You don’t have time not to. Every scramble hire costs you 20-40 hours. Building a pipeline costs 2-3 hours monthly. Do the math.
“Teachers in my area are hard to find. There’s no talent pool.”
Then create one. Student teachers, career changers, teachers moving from other states. The pipeline strategy works precisely because talent is scarce.
“I can’t afford to pay competitive wages to attract a pipeline.”
Start with the non-wage differentiators: schedule predictability, professional development, positive culture, career growth. Many teachers will move for better conditions even at similar pay.
“What if I build a pipeline and my best candidates get hired elsewhere?”
Some will. That’s fine. A pipeline is a volume game.
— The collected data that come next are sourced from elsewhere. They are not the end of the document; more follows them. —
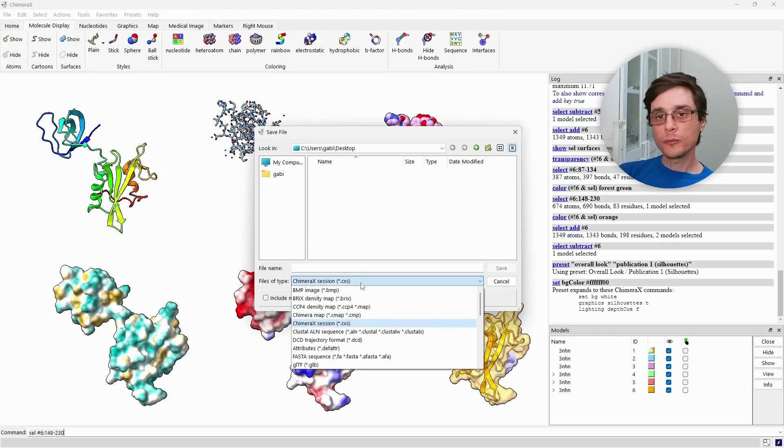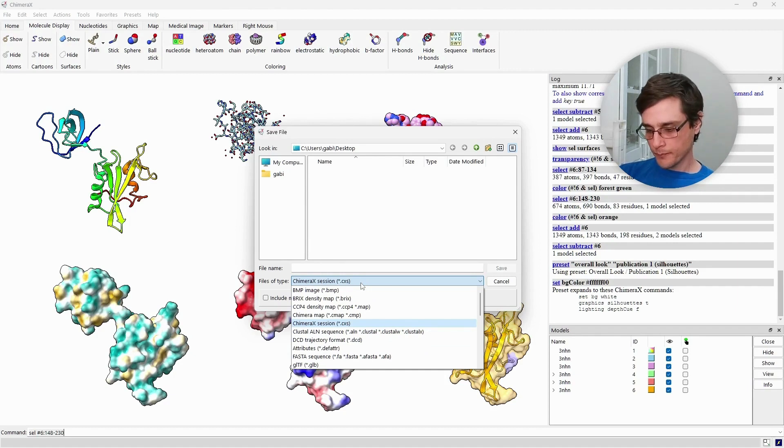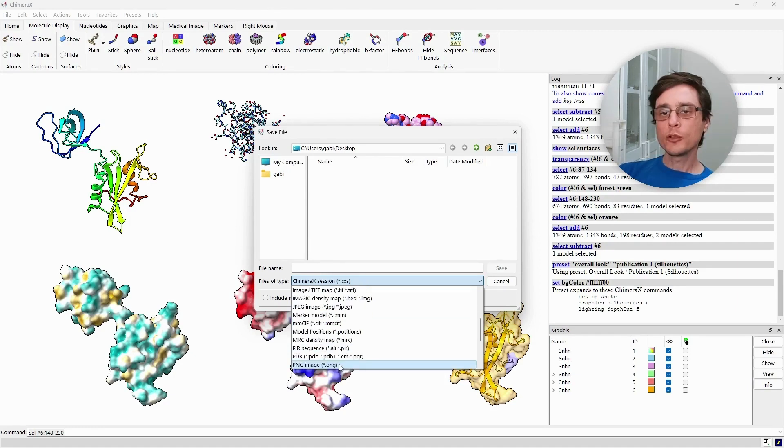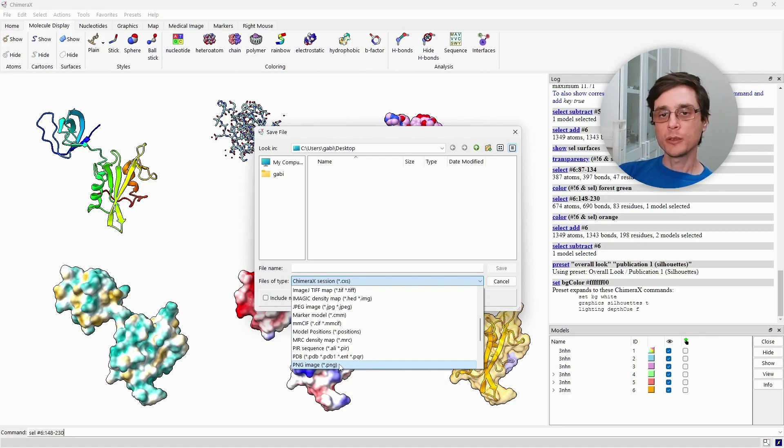Alternatively, you may want to produce a more standard format such as PDB, or you may want to export an image of your structure. You can even export videos, but we will cover this another time.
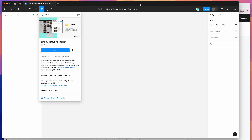Hey everyone, this is Adam and today I'm going to be showing you a step-by-step tutorial on how to design and implement custom HTML abandoned cart emails in Klaviyo using the Emailify Figma plugin.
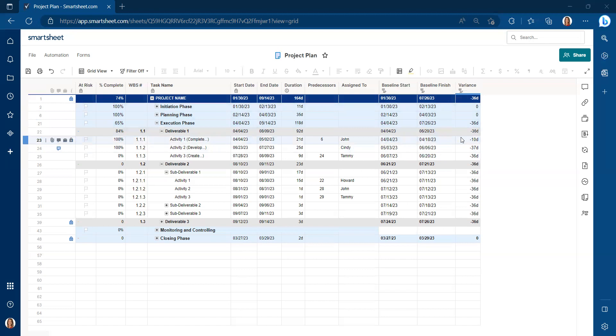If it's a negative variance, it is behind schedule. So you can tell row by row if you're ahead or behind schedule.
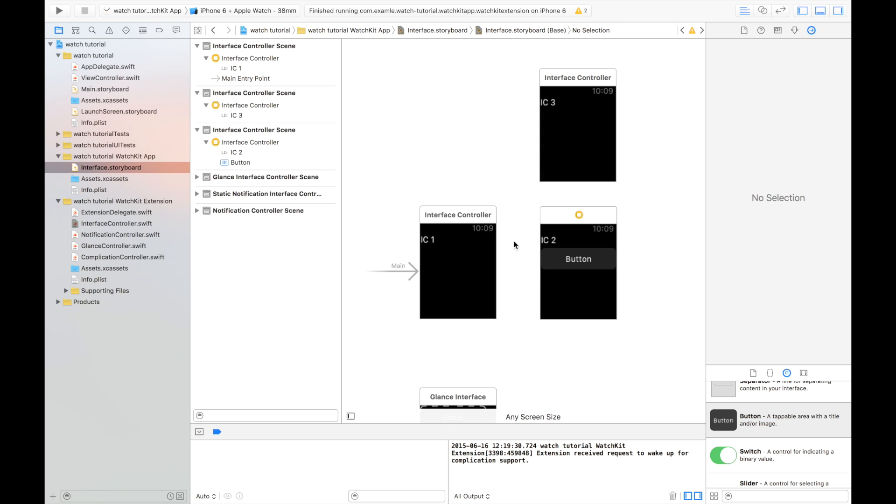In fact, they're constrained to three types of segways: a page-based navigation segway, two hierarchical segways—a modal and a push hierarchical segway. So the first thing we're going to talk about is the page-based segway.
Maintain 25-40 and you’ll always have options.
The Bottom Line
Scrambling is a choice.
You’re choosing it every time you wait until you have an opening to start recruiting.
The pipeline strategy requires upfront effort—building relationships, hosting events, nurturing candidates—but it eliminates the panic, reduces costs, and dramatically improves hire quality.
Stop hiring out of desperation. Start hiring from abundance.